Once again, the counterculture was not exempt. Some of the hippies who set up small counterculture businesses were starting to make real money in the 1970s. Jacobs quotes from Jello Biafra of the punk band Dead Kennedys about the results:
In many ways, I have no idea what would have become of me if punk hadn’t happened, because the ’70s turned out to be so stale, and so boring, and so backward compared to what had come just before. We were too young to have fully experienced the ’60s and the fervor of the anti-war movement. And some of the people who had caused so much trouble for what used to be called the establishment were opening overpriced hanging plant stores on the downtown mall and becoming the early versions of hippie capitalists.
Other early counterculture capitalists include a couple of guys named Steve who started something called Apple Computer and John Mackey and Renee Lawson Hardy who were largely responsible for Whole Foods.
In 1969 Jefferson Airplane sang that, “All your private property is target for your enemy. And your enemy is we.” But as the high tide of the social movements receded, the “we” grew smaller and smaller and the “me” got bigger and bigger. Individualism was kicking the ass of community. Jacobs links this to the stagnation that hit US capitalism and the worsening of the economy:
The age of prosperity was over for the regular folks in the US of A. With the minimum wage barely increasing at all over the decade, the prospects for the unskilled young were not good and becoming worse. Furthermore, the corporate transfer of better paid, usually union, jobs to non-union countries was underway. The counterculture dream of a meaningful yet idyllic life was further away for the young working class Americans than at any time since the early 1960s. The streets were back to being places one hung out after work or if they couldn’t find a job. Unlike the not-so-long-ago streets of their hippie predecessors, they were no longer places young adults went to live in out of choice while trying to create a new world.
In his conclusions Jacobs states that it is not in his nature, “… to make grand generalizations about history, especially when the history being considered is relatively recent.” Nevertheless he does draw the conclusion that a society based on peace, love and a decent material standard of living runs counter to the brutal economics of capitalism.
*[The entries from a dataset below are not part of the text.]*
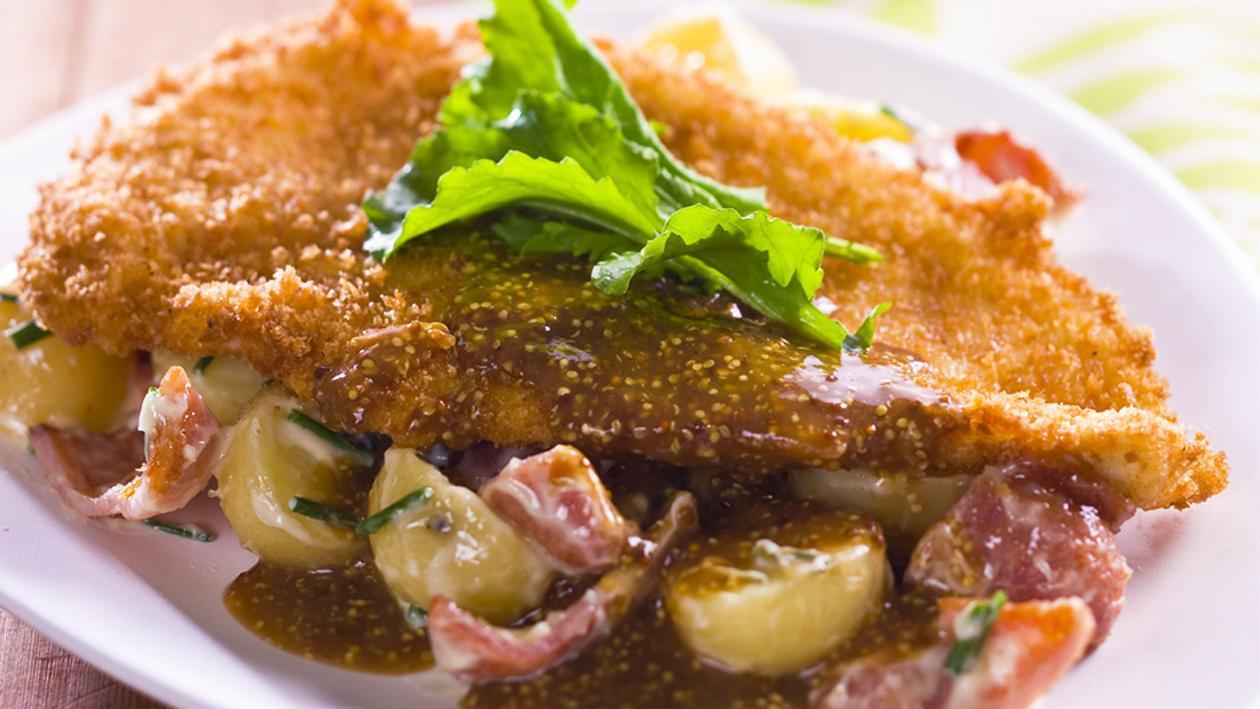 Crispy Chicken Schnitzel with Warm Potato, Bacon Salad and Seeded Mustard Sauce – Recipe Crispy Chicken Schnitzel with Warm Potato, Bacon Salad and Seeded Mustard Sauce – Recipe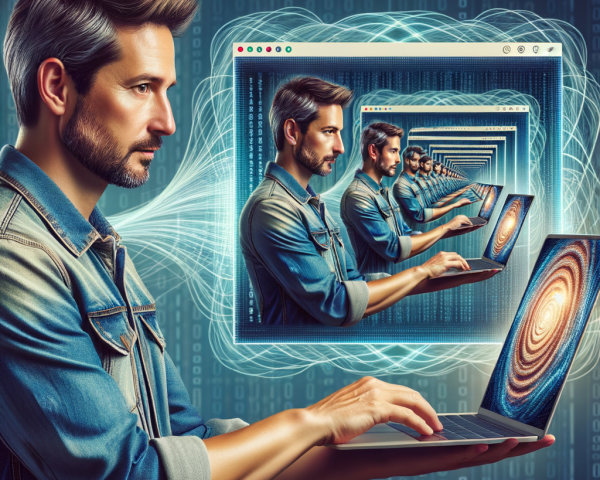 Man in Denim Jacket with Laptop and Digital Patterns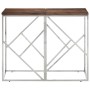 Mesa consola acero inoxidable madera maciza traviesa plateado de vidaXL, Mesas auxiliares - Ref: Foro24-349989, Precio: 93,47...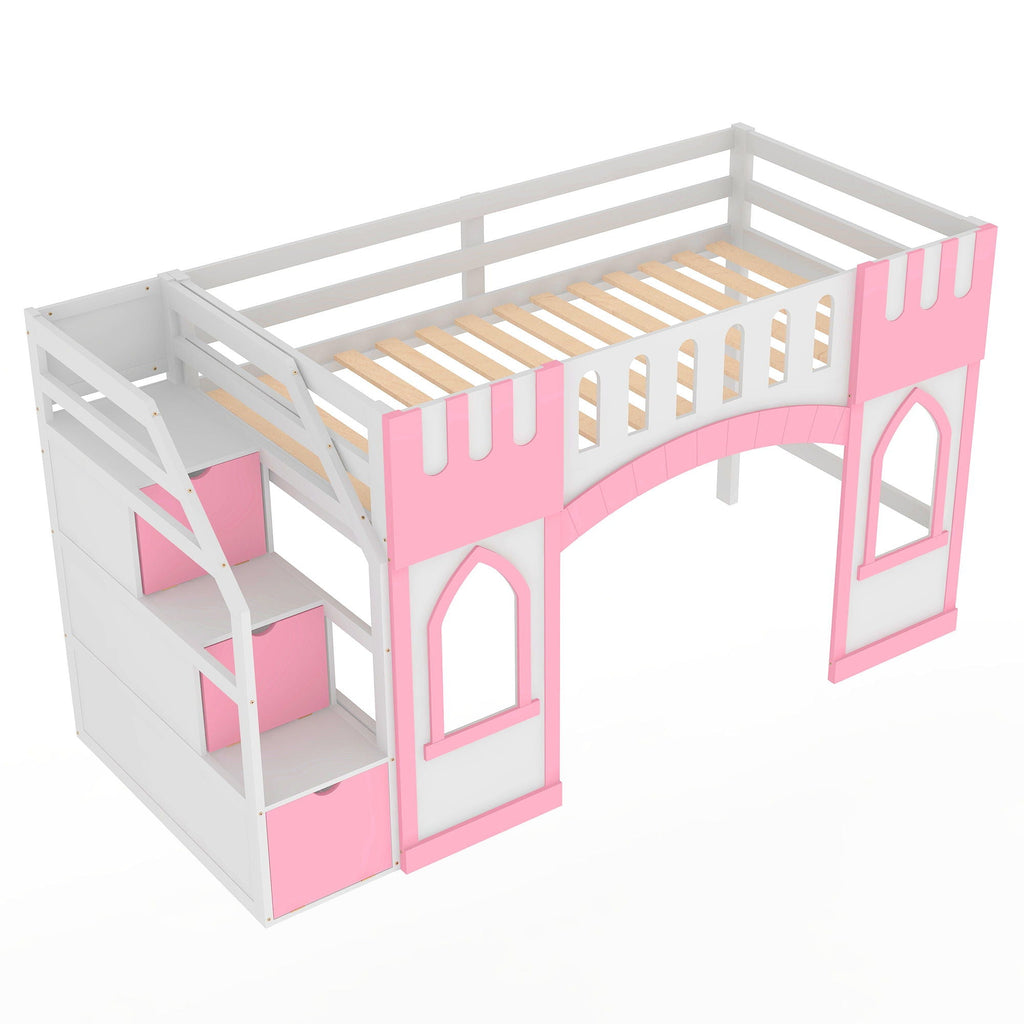 Loft Bed With Storage Staircase and Windows - Twin Size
As it turned out the counterculture was no match for either the repression that worked to crush it or the corporatization that worked to absorb it. Yet not every hippie freak turned into a bitter cynic or a Wall Street stockbroker. You can see the gray thinning hair of those who didn’t at any decent-size protest today.
In 1968 during the French student-worker revolt someone coined the phrase, “Be realistic. Demand the impossible.” The counterculture did not bring about a revolution as it grappled with creating a balance between individualism and collectivity. But who knows what is truly possible during any period of social revolt? And what may prove be impossible at the moment, could become a reality for the unwritten future, as the spirit of revolution is passed down to new generations.